Dataset extract:
|---|
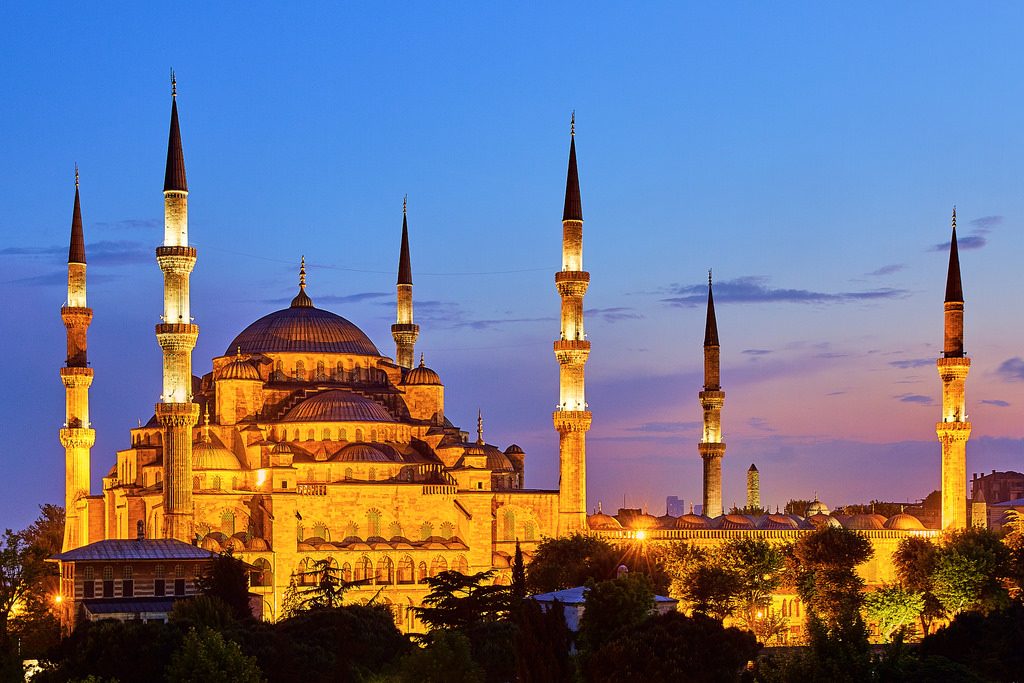 Istanbul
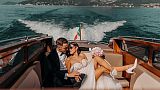 Award 2022 - Migliore gita di matrimonio - Kama & Michał - Italian Story in Lake Como and Mediolan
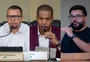 Protocolado pedido para que vereadores investigados pelo MP deixem cargos de comando na Câmara de Pelotas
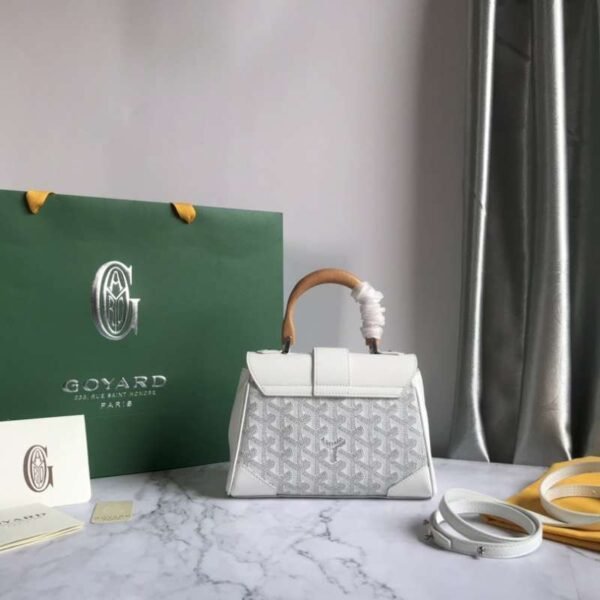 Goyard Saigon/Saigon structure - Image 16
|---|
Description of the task:
Reproduce the material above in full, images excluded.

Result of this task:
 Istanbul
 Award 2022 - Migliore gita di matrimonio - Kama & Michał - Italian Story in Lake Como and Mediolan
 Protocolado pedido para que vereadores investigados pelo MP deixem cargos de comando na Câmara de Pelotas
 Goyard Saigon/Saigon structure - Image 16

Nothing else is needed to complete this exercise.